The cast of the game does a great job portraying these classic characters. Nicole Tompkins makes for a pretty kick-ass Jill, and she shows exactly how fierce she can be. Jeff Schine does great as Carlos as well, giving him a trustworthy personality that you can depend on. Many other voice actors provide excellent work as well, helping to make the perilous city come to life. It’s also worth mentioning Neil Newbon’s Nicholai Ginovaef, who provides just enough to sell his character. I won’t spoil it entirely for you, but it’s nice to get some of that cheese back in Resident Evil. This brings me to my next point.

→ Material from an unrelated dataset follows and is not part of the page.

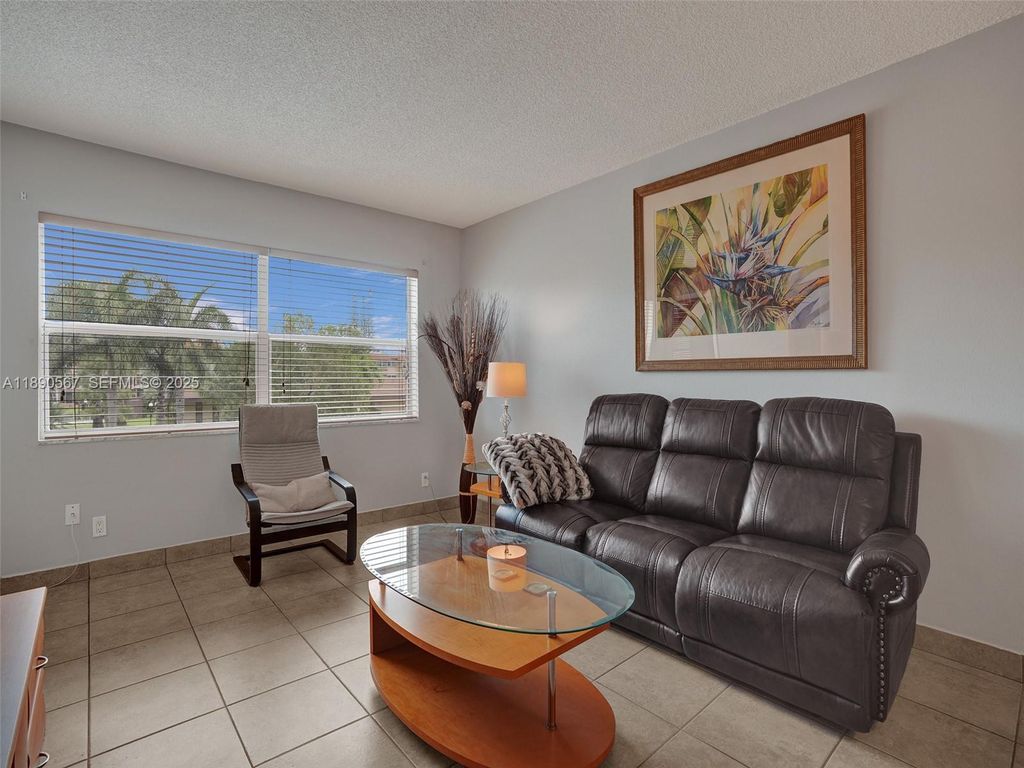 3506 NW 49th Avenue 508, Lauderdale Lakes, FL 33319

One thing I’ve grown to appreciate here is how self-aware Resident Evil 3 is. The characters have a lot of dialogue that point out some of the unusual design choices of the series. Longtime fans will likely enjoy some of the comments, even at the expense of a darker tone. There are even several Capcom Easter eggs like Mega Man and 1942 to add playful fun details. It’s honestly great to see the game not take itself too seriously. The Resident Evil series has often been at its best when it borderlines self-parody. It does take you out of the game a bit, but that just reminds you that it’s just that, a game. We should enjoy our time, which is exactly what I did with RE3.
The game does sacrifice a few things for this reimagining. With the bigger focus on action, puzzles are practically gone, boiling down to simple fetch quests and backtracking. There’s also only one ending, unlike the original which gave players a few options. This new ending also has a pretty significant change, missing an entire character from the equation. Considering that this is a remake, the developers were free to make these changes, though it is an interesting choice overall. The game is also fairly short, lasting roughly five to six hours. It even rewards players for finishing under two hours. Honestly, that just makes for a more replayable game, but some might be disappointed in that aspect.
I never played the original Resident Evil 3: Nemesis when it came out over 20 years ago. While I knew of the story, I didn’t quite have the attachment of nostalgia when playing the remake. This gave me the chance to play the remake and judge it on its own merits. Even though it’s definitely a different experience from RE2, Resident Evil 3 feels like a healthy mix of old and new. While it shifts focus from horror to action, it still delivers a short but sweet experience. Add the multiplayer Resident Evil: Resistance to the mix, which we’ll be reviewing soon, and you have a pretty solid package. I’m curious to see what Capcom does next with the franchise, and if rumors are true, we’ll likely be finding out very soon.